Question

Let $z=\frac{\sqrt{3}}{2}-\frac{i}{2}.$ Then the smallest positive integer $n$ such that $(z^{95}+i^{67}{)}^{94}=z^n$ is

Answer 1

From the hypothesis, we have
$z=\frac{\sqrt{3}}{2}-\frac{i}{2}=i(-\frac{1}{2}-\frac{i\sqrt{3}}{2})=i\omega$
where $\omega =-\frac{1}{2}-\frac{i\sqrt{3}}{2},$ which is a cube root of unity.

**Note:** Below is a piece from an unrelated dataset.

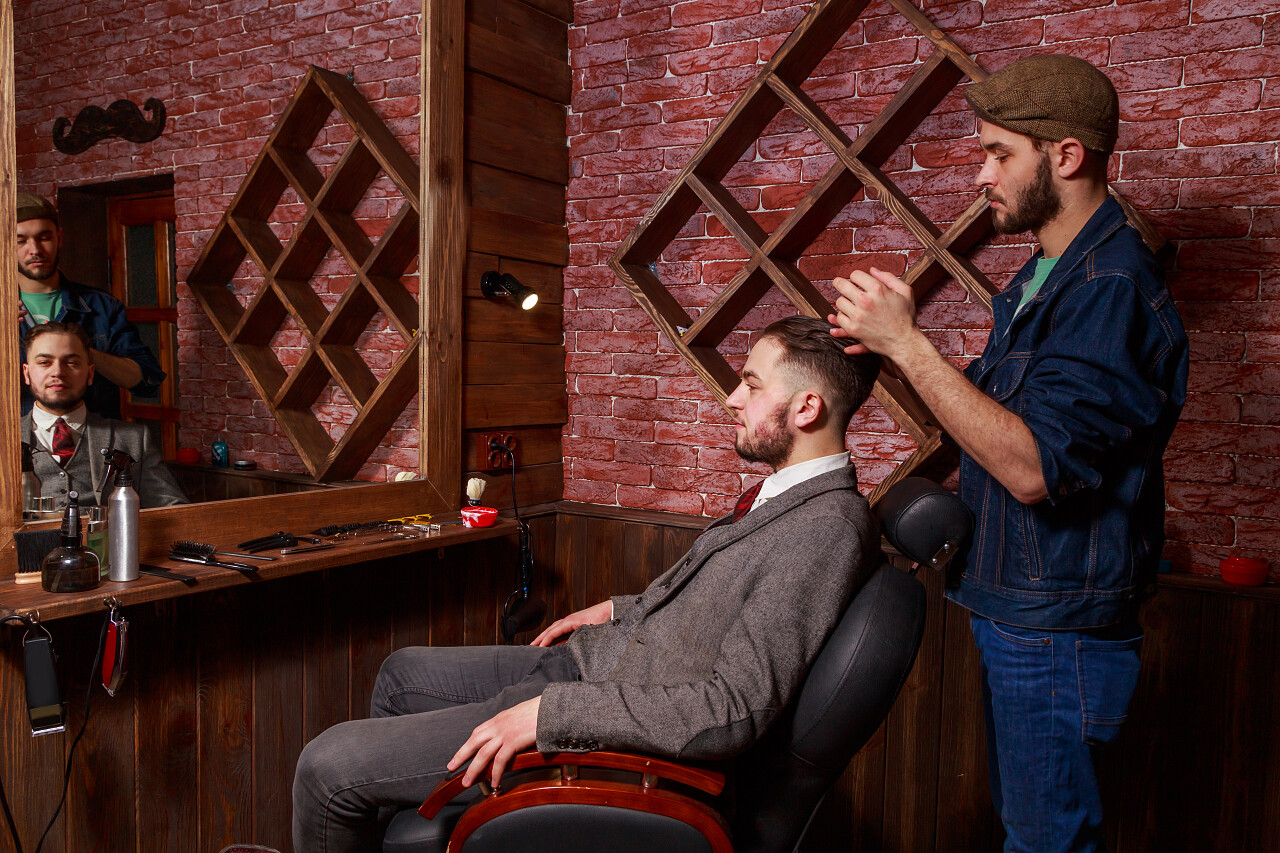 理发店的理发师正在给客人理发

Now, $z^{95}=(i\omega {)}^{95}=-i{\omega }^2$
and $i^{67}=i^3=-i$
Therefore, $z^{95}+i^{67}=-i(1+{\omega }^2)=(-i)(-\omega )=i\omega$
$\Rightarrow (z^{95}+i^{67}{)}^{94}=(i\omega {)}^{94}=i^2\omega =-\omega$

Now, $-\omega =z^n=(i\omega {)}^n$
$\Rightarrow i^n\cdot {\omega }^{n-1}=-1$
$\Rightarrow n=2,6,10,14,\dots \dots$
and $n-1=3,6,9,\dots \dots$
Hence, $n=10$ is the required least positive integer.